* What is needed *
The following data is to be repeated exactly, its pictures excluded.

* Data segment *
* * * * * * *
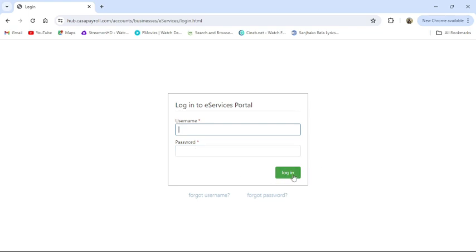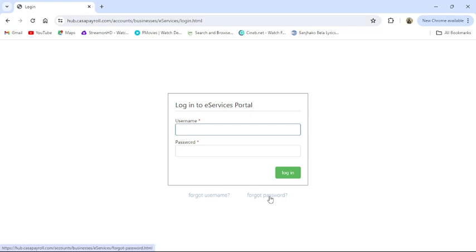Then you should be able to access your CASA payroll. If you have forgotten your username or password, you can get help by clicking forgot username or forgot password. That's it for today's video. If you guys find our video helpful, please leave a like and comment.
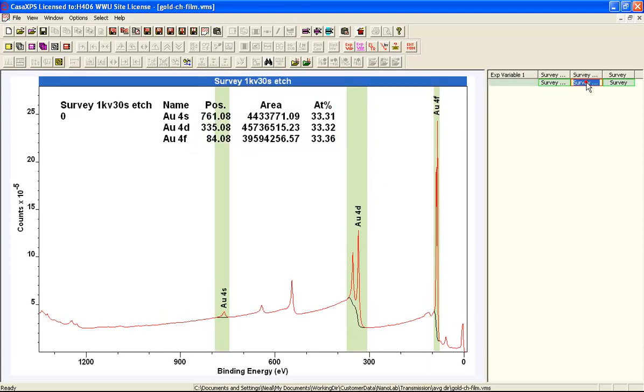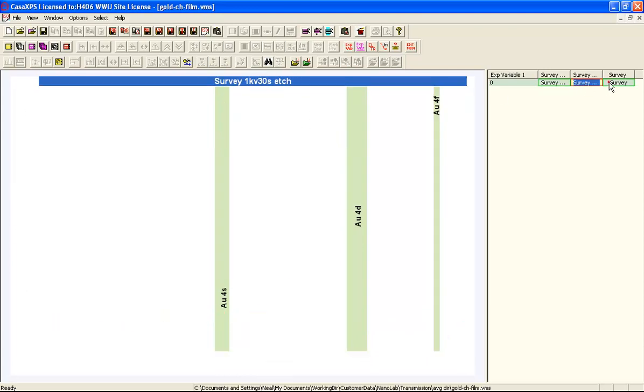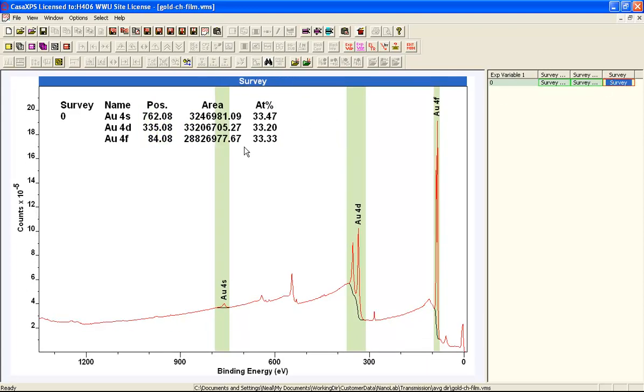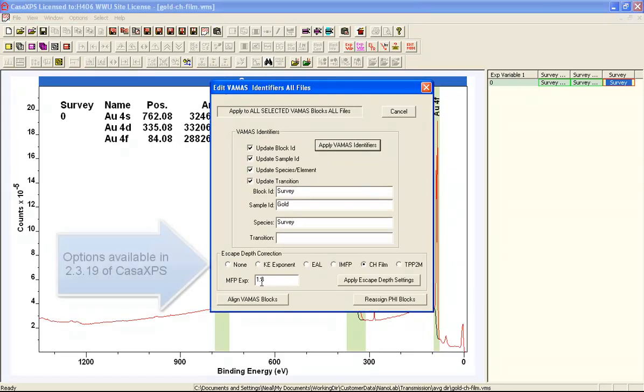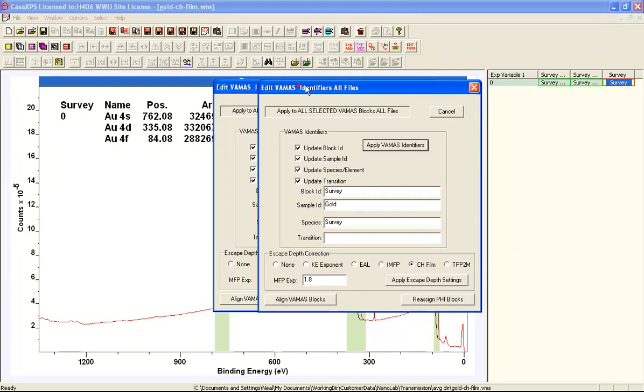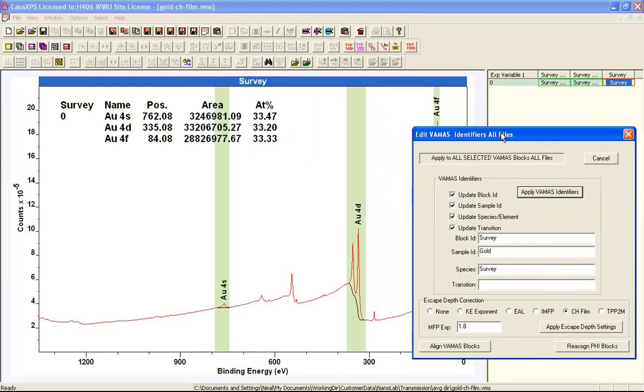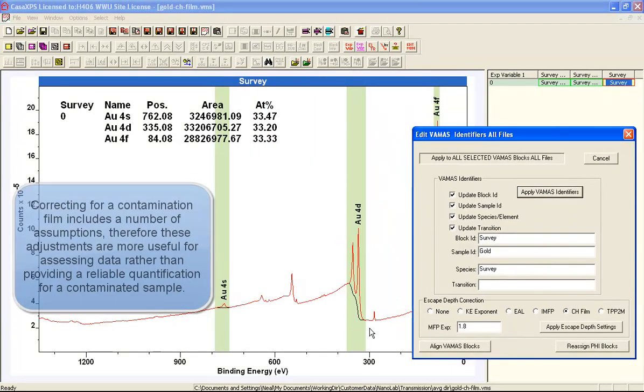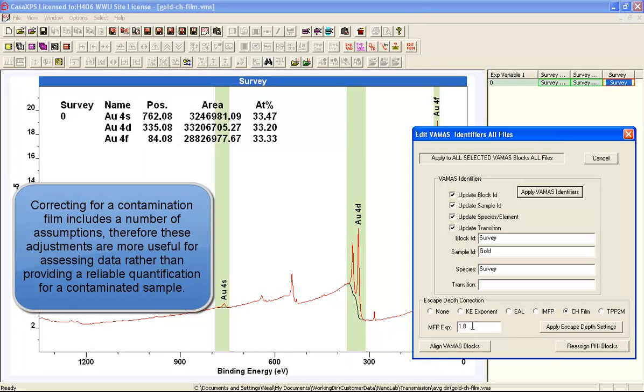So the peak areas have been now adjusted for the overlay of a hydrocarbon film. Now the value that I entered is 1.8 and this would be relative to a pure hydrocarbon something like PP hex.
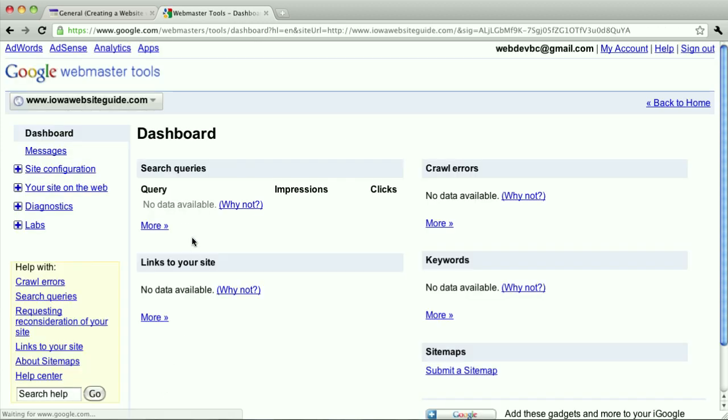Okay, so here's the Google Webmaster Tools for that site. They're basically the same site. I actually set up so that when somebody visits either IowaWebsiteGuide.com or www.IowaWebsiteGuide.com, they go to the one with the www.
* * * * * * *
* Exercise output *
Then you should be able to access your CASA payroll. If you have forgotten your username or password, you can get help by clicking forgot username or forgot password. That's it for today's video. If you guys find our video helpful, please leave a like and comment.
So the peak areas have been now adjusted for the overlay of a hydrocarbon film. Now the value that I entered is 1.8 and this would be relative to a pure hydrocarbon something like PP hex.
Okay, so here's the Google Webmaster Tools for that site. They're basically the same site. I actually set up so that when somebody visits either IowaWebsiteGuide.com or www.IowaWebsiteGuide.com, they go to the one with the www.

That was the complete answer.